The golden rules for Amazon Redshift optimization
- Customize Workload Management
Workload management in Redshift means optimizing the queues. This includes the correct selection of queues, the assignment of queries and the allocation of memory.
Although automated workload management and concurrency scaling have greatly improved workload management, workload management is a critical point in ensuring a scalable system (and one of the weak points of Redshift)
Since Redshift Workload Management is primarily based on queuing queries, very unstable runtimes can be expected if configured incorrectly. Consider switching from manual WLM to automatic WLM, in which queues and their queries can be prioritized.

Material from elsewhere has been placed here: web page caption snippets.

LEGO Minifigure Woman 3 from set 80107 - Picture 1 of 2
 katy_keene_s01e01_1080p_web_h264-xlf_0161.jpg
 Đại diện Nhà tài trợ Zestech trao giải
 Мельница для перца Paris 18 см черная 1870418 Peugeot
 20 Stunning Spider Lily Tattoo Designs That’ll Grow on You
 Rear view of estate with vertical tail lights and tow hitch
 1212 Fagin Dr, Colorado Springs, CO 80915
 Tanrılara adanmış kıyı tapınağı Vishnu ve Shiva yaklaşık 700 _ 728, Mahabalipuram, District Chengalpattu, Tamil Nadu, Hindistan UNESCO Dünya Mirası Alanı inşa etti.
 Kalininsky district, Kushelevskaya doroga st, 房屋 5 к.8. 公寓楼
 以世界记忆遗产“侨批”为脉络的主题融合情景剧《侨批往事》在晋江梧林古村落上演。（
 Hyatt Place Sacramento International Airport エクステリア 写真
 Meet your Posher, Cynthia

Consider whether concurrency scaling (for read-only workload) or short query acceleration makes sense in your environment.
- Use Column Encoding for compression
Consider compressing columns. This reduces the storage space required and also reduces the I/Os required by queries.
- Do not use Redshift for OLTP queries
Redshift is completely unsuitable for this kind of workload. Not only because it is a column store, but also because there are no indexes that can be used (as in Teradata columnar).
- Choose the right method to distribute the data
Use the DISTKEY to help Amazon Redshift join large tables.
Use EVEN if no suitable DISTKEY exists to avoid skew.
Copy lookups to all slices.
- Maintenance of your Amazon Redshift statistics
Only if the statistics are correct will memory be reserved in the correct size for the query plan created.
If too much memory is reserved, the other queries in the same queue are missing and are delayed.
If too little memory is reserved, it is possible that the memory must be buffered. The query will then be much slower.
Execute the ANALYZE command regularly.
- Release space regularly
As Rows' space in Amazon Redshift is not automatically freed after a DELETE or UPDATE this must be done manually. This is done with the VACUUM FULL command. Space is released and the rows are sorted by SORTKEY. This is regularly necessary to maintain performance
- Write better queries
Here are two examples:
Since we are dealing with a column store you should always select only the required columns to minimize the I/Os.
Also, whenever possible, restrict your queries with a WHERE condition to minimize the scans.